Wang Linya, Yu Hongzhuan, Wang Dongxian, Yin Guoliang, Chen Suwen, Zhang Xin, Yu Wenfei, Meng Decheng, Liu Hongshuai, Jiang Wenying, Zhang Fengxia
Shandong University of Traditional Chinese Medicine, Jinan, China.
Weifang Traditional Chinese Medicine Hospital, Shandong, China.
J Nutr Biochem. 2025 Jun;140:109886. doi: 10.1016/j.jnutbio.2025.109886. Epub 2025 Feb 27.
The most prevalent liver condition globally is non-alcoholic fatty liver disease (NAFLD), for which no approved therapies currently exist. Diosgenin, an important component in plants from the Leguminosae, Dioscoreaceae, and Solanaceae families, has demonstrated considerable anti-inflammatory and antioxidant effects. Nonetheless, the specific mechanism by which it may act in managing NAFLD remains unclear. Our research aims to explore the effects and molecular mechanisms of DG on NAFLD by utilizing both in vivo and in vitro experimental approaches. To investigate the effect of DG on hepatic steatosis, we used Sprague-Dawley rats induced by a high-fat diet (HFD) and HepG2 cells exposed to free fatty acids. Oil red O staining and hematoxylin-eosin (H&E) staining were used to explore lipid accumulation and hepatic degeneration. ROS staining, SOD, MDA, and Fekits were used to detect the indexes related to oxidative stress in ferroptosis in hepatic tissues and cells. IFSP1 and pcDNA3.1-ACSL4 plasmid were used to knock down Ferroptosis suppressor protein1 (FSP1) and promote the expression of acyl-CoA synthetase long-chain family member 4 (ACSL4) in HepG2 cells. DG improved lipid metabolism disorders and liver damage induced by a high-fat diet in rats with NAFLD. Furthermore, the administration of DG notably decreased oxidative stress levels and liver Fe concentrations in rats. Additionally, in vitro experiments demonstrated that DG treatment markedly attenuated ferroptosis and ROS accumulation in HepG2 cells induced by FFAs. Moreover, overexpression of hepatic ACSL4 expression by pcDNA3.1-ACSL4 plasmid promoted the regulatory effects of DG on LPCAT3 and ALOX15. Our research shows that DG can alleviate NAFLD by regulating the FSP1/COQ10 pathway of the ferroptosis defense system and the ACSL4/LPCAT3/ALOX15 pathway of the ferroptosis execution system. Therefore, DG may serve as a novel inhibitor of ferroptosis for the treatment of NAFLD.

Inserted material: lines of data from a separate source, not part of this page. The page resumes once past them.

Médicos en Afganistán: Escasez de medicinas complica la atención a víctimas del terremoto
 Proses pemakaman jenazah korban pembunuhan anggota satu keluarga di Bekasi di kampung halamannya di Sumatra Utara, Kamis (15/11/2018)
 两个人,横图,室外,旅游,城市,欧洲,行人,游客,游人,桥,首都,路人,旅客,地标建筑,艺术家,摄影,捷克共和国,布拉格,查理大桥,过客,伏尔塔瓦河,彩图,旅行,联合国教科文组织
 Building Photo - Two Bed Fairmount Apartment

全球最普遍的肝脏疾病是非酒精性脂肪性肝病(NAFLD),目前尚无获批的治疗方法。薯蓣皂苷元是豆科、薯蓣科和茄科植物中的一种重要成分,已显示出相当大的抗炎和抗氧化作用。然而,其在管理NAFLD中可能发挥作用的具体机制仍不清楚。我们的研究旨在通过体内和体外实验方法探索薯蓣皂苷元(DG)对NAFLD的影响及其分子机制。为了研究DG对肝脂肪变性的影响,我们使用了高脂饮食(HFD)诱导的Sprague-Dawley大鼠和暴露于游离脂肪酸的HepG2细胞。采用油红O染色和苏木精-伊红(H&E)染色来探究脂质蓄积和肝脏变性情况。采用活性氧(ROS)染色、超氧化物歧化酶(SOD)、丙二醛(MDA)和铁死亡检测试剂盒来检测肝组织和细胞中铁死亡相关的氧化应激指标。使用干扰铁死亡抑制蛋白1(FSP1)的小干扰RNA(siFSP1)和pcDNA3.1-酰基辅酶A合成酶长链家族成员4(ACSL4)质粒来敲低HepG2细胞中的FSP1并促进ACSL4的表达。DG改善了NAFLD大鼠高脂饮食诱导的脂质代谢紊乱和肝损伤。此外,给予DG显著降低了大鼠的氧化应激水平和肝脏铁浓度。此外,体外实验表明,DG处理显著减轻了游离脂肪酸(FFAs)诱导的HepG2细胞中的铁死亡和ROS蓄积。此外,pcDNA3.1-ACSL4质粒过表达肝脏ACSL4可促进DG对溶血磷脂酰胆碱酰基转移酶3(LPCAT3)和花生四烯酸脂氧合酶15(ALOX15)的调节作用。我们的研究表明,DG可通过调节铁死亡防御系统的FSP1/辅酶Q10途径和铁死亡执行系统的ACSL4/LPCAT3/ALOX15途径来减轻NAFLD。因此,DG可能作为一种新型的铁死亡抑制剂用于治疗NAFLD。